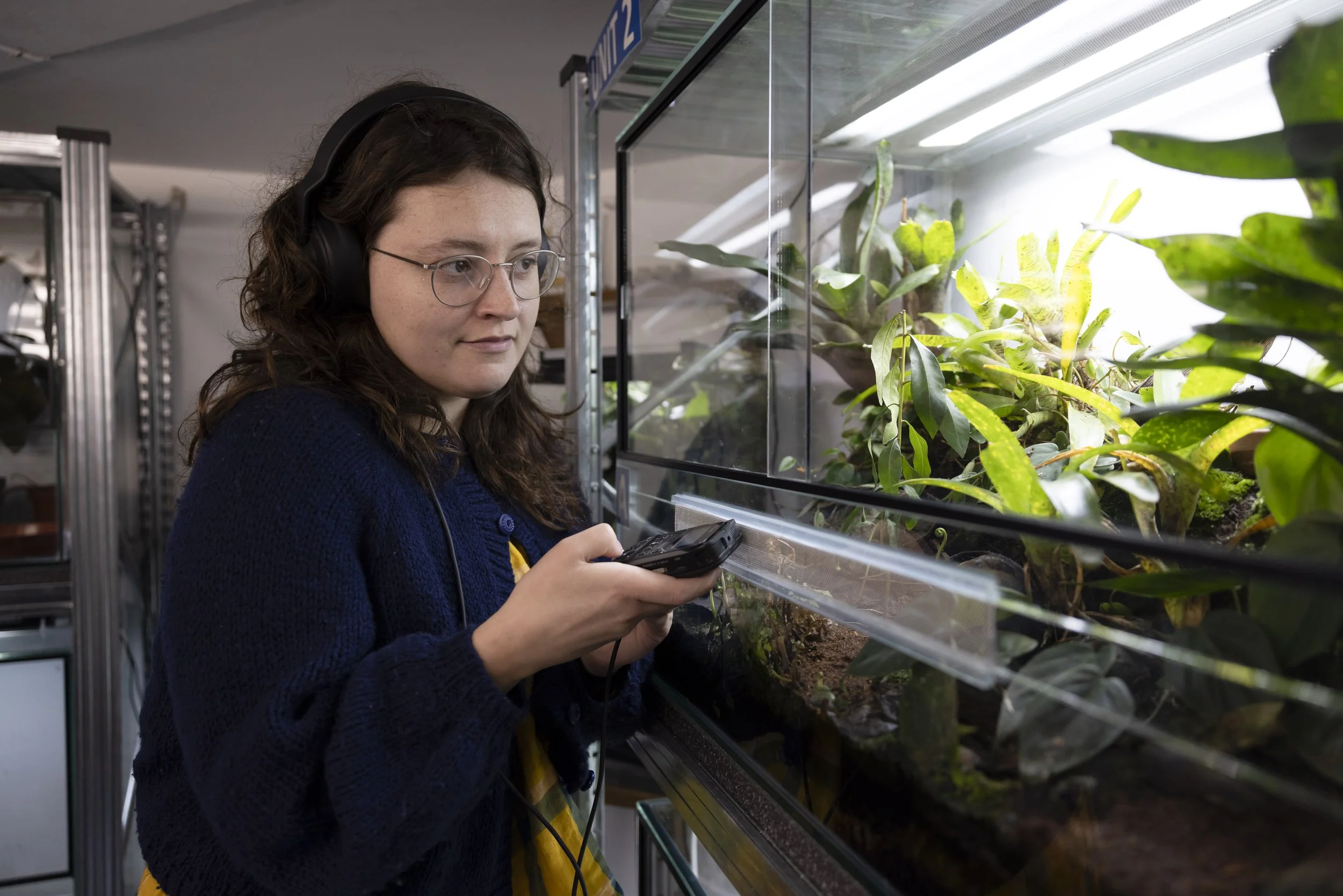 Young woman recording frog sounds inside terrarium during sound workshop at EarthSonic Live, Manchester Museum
--
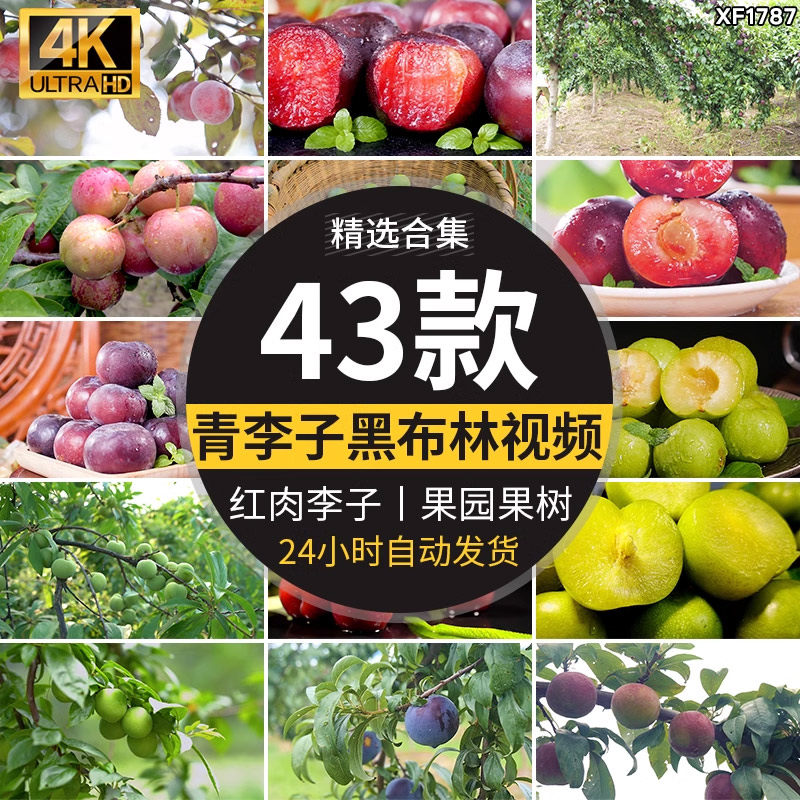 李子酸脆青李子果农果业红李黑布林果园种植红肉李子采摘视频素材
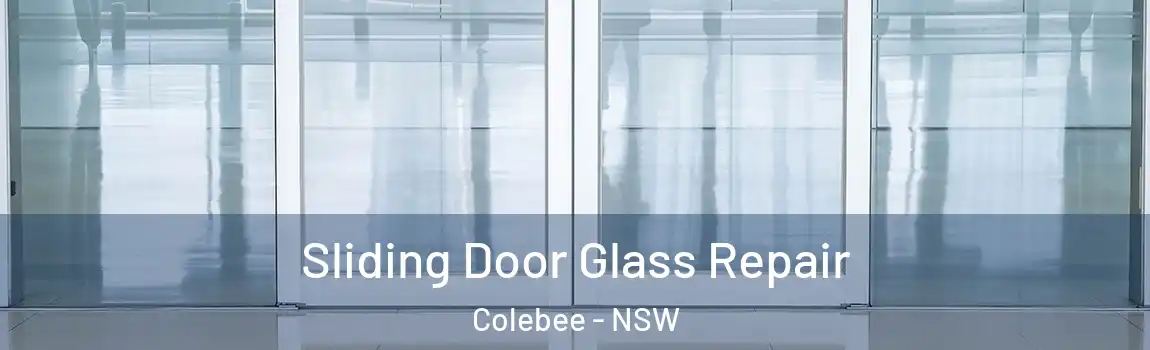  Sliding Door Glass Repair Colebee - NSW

• ACTIVITY:
Though the entries above contain pictures, none should be copied; reproduce only the lines between the one holding "李子酸脆青李子果农果业红李黑布林果园种植红肉李子采摘视频素材" and the one holding "Sliding Door Glass Repair Colebee - NSW", inclusive, exactly as written.

• EXPECTED ANSWER:
 李子酸脆青李子果农果业红李黑布林果园种植红肉李子采摘视频素材
  Sliding Door Glass Repair Colebee - NSW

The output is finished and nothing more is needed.